Luna’s first encounter with Star Wars was on video in the 1980s. “All my older cousins were already fans. I was the youngest and I wanted to catch up. My experience was like streaming is today: it was uncontrolled. I could press play as much as I wanted.”
Is it not the case now, though, that there is simply too much Star Wars content? With The Mandalorian, The Book of Boba Fett and Obi-Wan Kenobi already streaming, and Andor, Ahsoka, Skeleton Crew, The Acolyte and Lando crowding the horizon like a meteor shower, it is no wonder that James Waugh, the senior vice-president of Lucasfilm, has admitted to being “mindful” of oversaturation. After all, the disappointing response in 2018 to Solo: A Star Wars Story, a prequel that was widely perceived as a case of flogging a dead Wookiee, led to Disney scaling back its slate of movies in the franchise. Luna bats away such concerns. “I disagree. Not everything has to be for everyone. And these are so diverse and complex, come on! My father likes them, I like them, so do my kids.” Polling outside his immediate family might yield different results, or perhaps not.
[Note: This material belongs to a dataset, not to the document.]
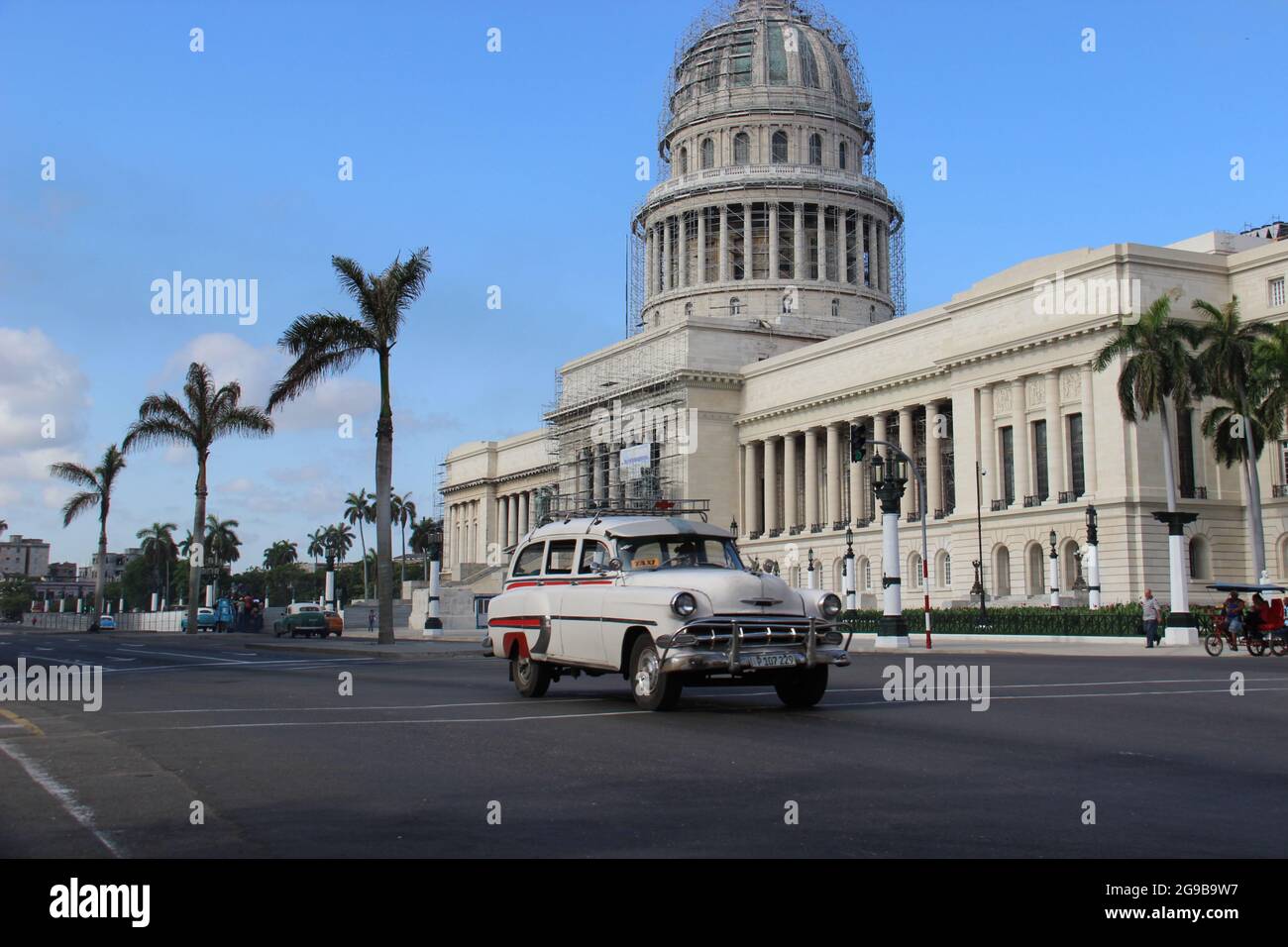 Chevrolet station wagon outside of El Capitolio, Havana, Cuba Stock Photo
Luna is a film-maker himself – his work behind the camera includes the political drama Cesar Chavez and Everything Will Be Fine, a lively, funny and candid Netflix drama series about divorce, both made under the aegis of his own production company, which he co-founded with Bernal. The pair will soon reunite on screen for the Hulu series La Máquina, with Luna as the manager of an ageing boxer played by Bernal, and his other acting choices have always been pleasingly eclectic. He may have worked with Steven Spielberg (The Terminal) and Woody Allen (A Rainy Day in New York) but he was also in the gay rights drama Milk, the artful James Baldwin adaptation If Beale Street Could Talk and the bizarre Mister Lonely, where he played a Michael Jackson impersonator living in a Scottish castle with other celebrity mimics.
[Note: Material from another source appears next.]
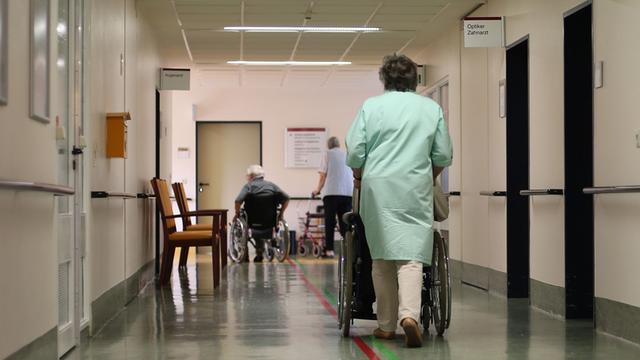 Eine Pflegerin schiebt einen Rollstuhl über einen Flur.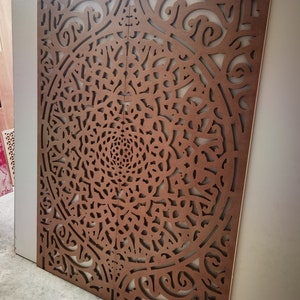 May include: Two-panel decorative wooden screen with intricate, symmetrical cut-out patterns. The screen is a warm brown color, with a complex floral or mandala-like design. The panels are leaning against a white wall, suggesting an interior design element.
With such offbeat projects in mind, it must be a concern that Star Wars and Marvel blockbusters leave little room in the market for independent voices. “I agree with that,” he says. “But I’m optimistic about how the space is divided, the different venues and platforms we have now.” He is also realistic about the effect of the Star Wars universe, or his role as a cartel kingpin in Narcos: Mexico, on his own clout beyond those series. “I was naive at the beginning. I thought: ‘Of course, after Rogue One I can do whatever I want and put it out there.’ No. You can do another Rogue One, or something of that scale, but it doesn’t mean you can go back and do a tiny film and have it released in the same way, or given the same sort of push.”
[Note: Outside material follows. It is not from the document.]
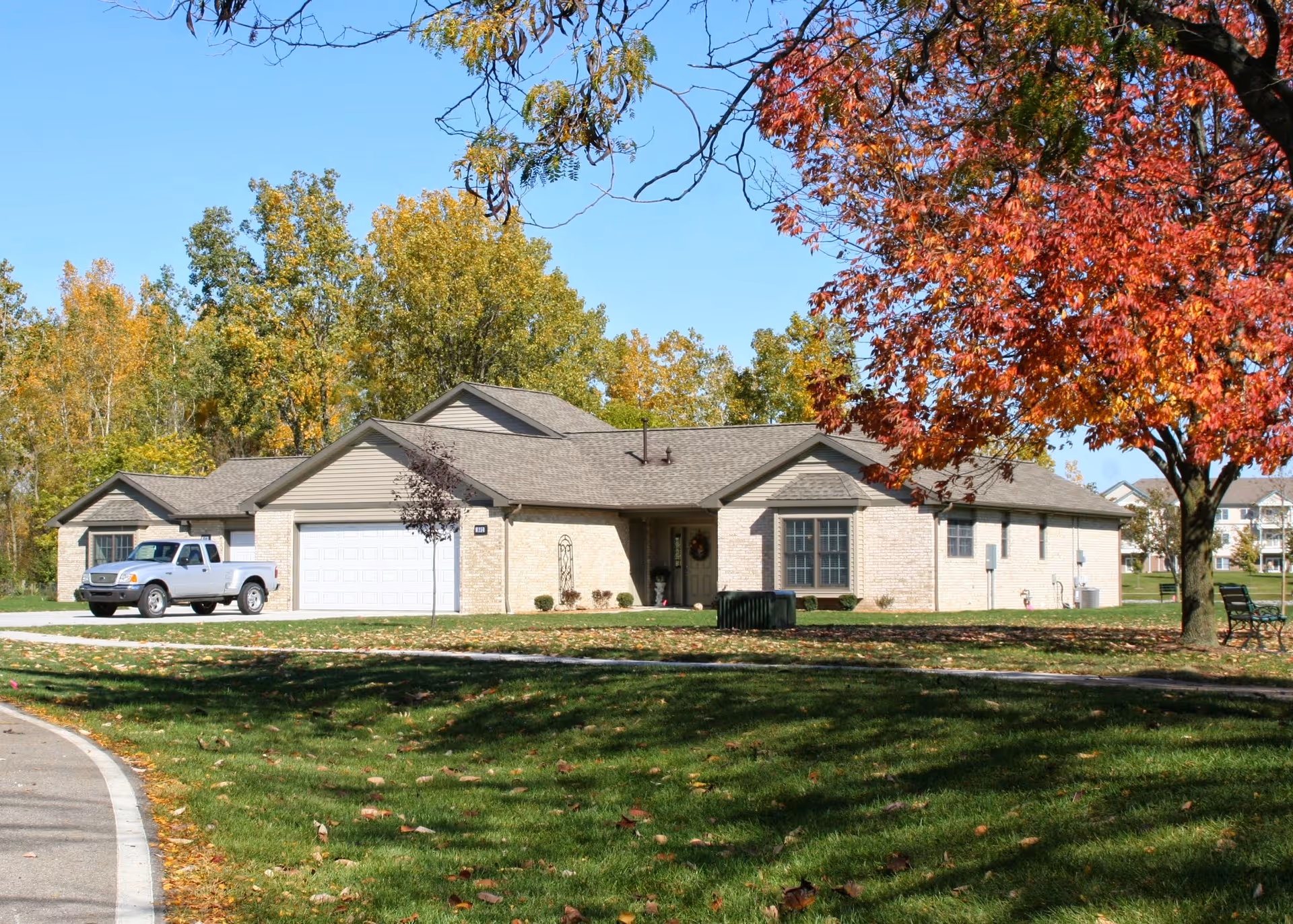 Single-story brick building with an attached two-car garage, a pickup truck in the driveway, and autumn trees and lawn in front.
Despite this, he retains a sense of wonder about cinema that can be traced directly to his youth. Though he began his acting career as a child in Mexican telenovelas, he was no stranger to arthouse film-making: he visited the sets that his father worked on, most memorably Alejandro Jodorowsky’s surreal and gruesome circus fantasy Santa Sangre. “Parts of the elephant from that film were kept at home,” he recalls. “So I didn’t freak out when it started spurting blood from its trunk because I knew how it all worked. Remember the tattooed woman? I sat in the trailer for hours watching her being painted!”
Most of all, he cherishes the memory of seeing the models his father would make on the table at home transformed weeks or months later into colossal constructions. “He would have these miniature sets with tiny figures, and he would back-light them and front-light them and move the figures around to analyse the effect. Then it would all be built on a stage and it would become enormous!” With that, he makes an exploding noise – the sound, presumably, of his young mind being blown. Perhaps another child somewhere out there will have the same experience with Andor.